***** Supplied records

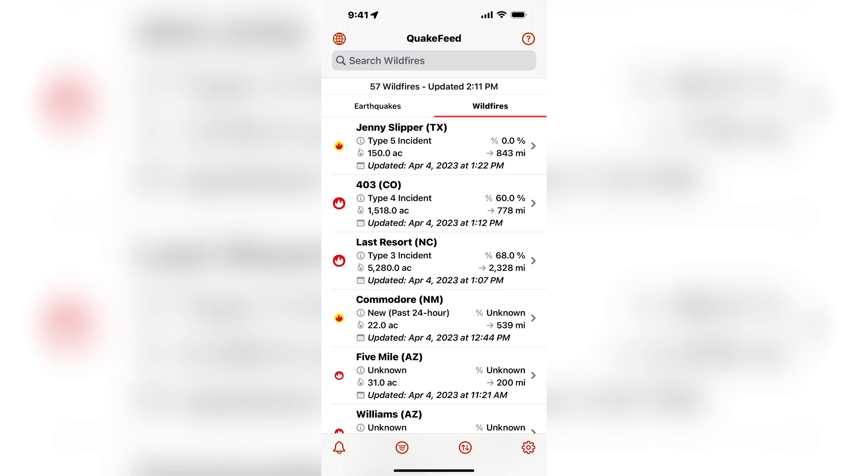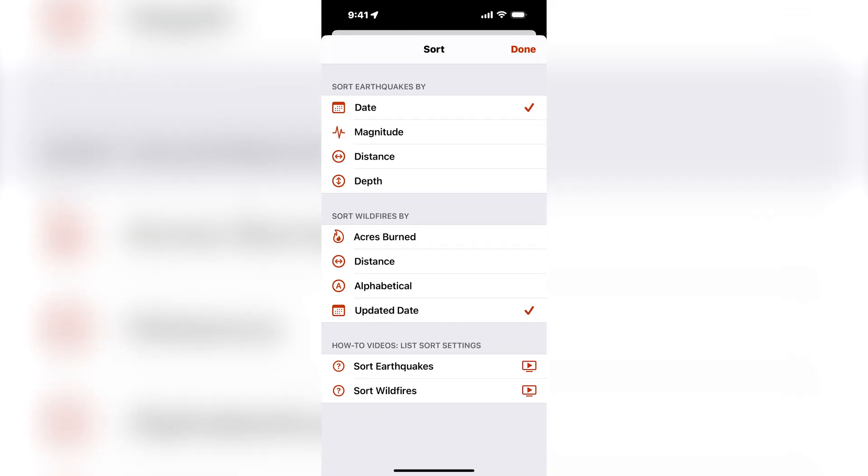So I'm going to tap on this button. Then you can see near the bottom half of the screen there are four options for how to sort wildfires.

**********
***** Supplied records

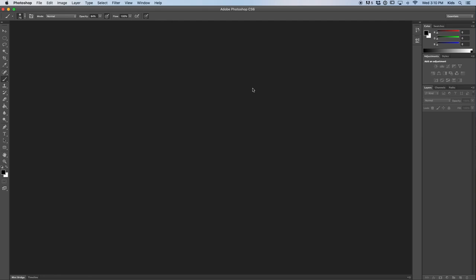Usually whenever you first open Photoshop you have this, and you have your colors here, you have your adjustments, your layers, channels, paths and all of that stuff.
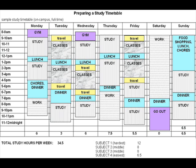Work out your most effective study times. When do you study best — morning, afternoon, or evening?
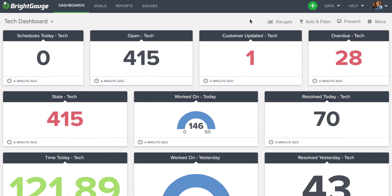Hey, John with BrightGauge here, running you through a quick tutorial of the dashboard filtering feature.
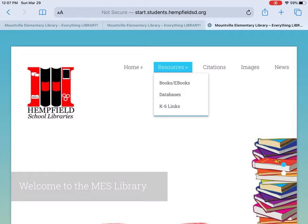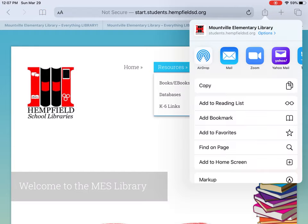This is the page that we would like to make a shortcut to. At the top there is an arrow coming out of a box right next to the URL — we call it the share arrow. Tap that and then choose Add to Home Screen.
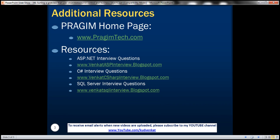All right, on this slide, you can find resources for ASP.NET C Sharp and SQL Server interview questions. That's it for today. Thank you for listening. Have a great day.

**********
***** Supplied records

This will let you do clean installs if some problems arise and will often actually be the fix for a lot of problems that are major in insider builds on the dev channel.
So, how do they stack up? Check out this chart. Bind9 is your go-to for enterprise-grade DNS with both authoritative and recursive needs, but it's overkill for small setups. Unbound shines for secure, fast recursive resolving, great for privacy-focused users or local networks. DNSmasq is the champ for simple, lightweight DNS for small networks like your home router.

**********

**Exercise instructions:** Reproduce only the lines above, starting at the line with "This will let" and ending at the line with "So, how do they", exactly as written.

**Output of the task:**
This will let you do clean installs if some problems arise and will often actually be the fix for a lot of problems that are major in insider builds on the dev channel.
So, how do they stack up? Check out this chart. Bind9 is your go-to for enterprise-grade DNS with both authoritative and recursive needs, but it's overkill for small setups. Unbound shines for secure, fast recursive resolving, great for privacy-focused users or local networks. DNSmasq is the champ for simple, lightweight DNS for small networks like your home router.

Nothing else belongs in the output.